• Task item:
May I have, exactly as written, the line containing "Simon Weaving from" and every line after it through the end of the listing below, and nothing else?

• Data provided:
____
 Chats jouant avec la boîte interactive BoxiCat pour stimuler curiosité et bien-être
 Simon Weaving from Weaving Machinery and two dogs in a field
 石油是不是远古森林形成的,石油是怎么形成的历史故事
____
• Answer section:
 Simon Weaving from Weaving Machinery and two dogs in a field
 石油是不是远古森林形成的,石油是怎么形成的历史故事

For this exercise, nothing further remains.